### EXERCISE GOAL
Every line of the entries below from the one containing "Building Photo - 10216 S Ullom Dr" to the one containing "Lipicai Ifjusagi Szallo", both ends included, must be written out exactly. No other line belongs in the answer.

### INPUT RECORDS

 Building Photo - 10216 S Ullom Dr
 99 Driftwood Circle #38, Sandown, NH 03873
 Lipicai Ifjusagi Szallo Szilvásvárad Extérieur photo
* * *
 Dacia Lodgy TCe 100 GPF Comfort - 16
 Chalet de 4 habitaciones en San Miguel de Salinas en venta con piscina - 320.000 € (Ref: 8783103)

### EXERCISE RESULT
 Building Photo - 10216 S Ullom Dr
 99 Driftwood Circle #38, Sandown, NH 03873
 Lipicai Ifjusagi Szallo Szilvásvárad Extérieur photo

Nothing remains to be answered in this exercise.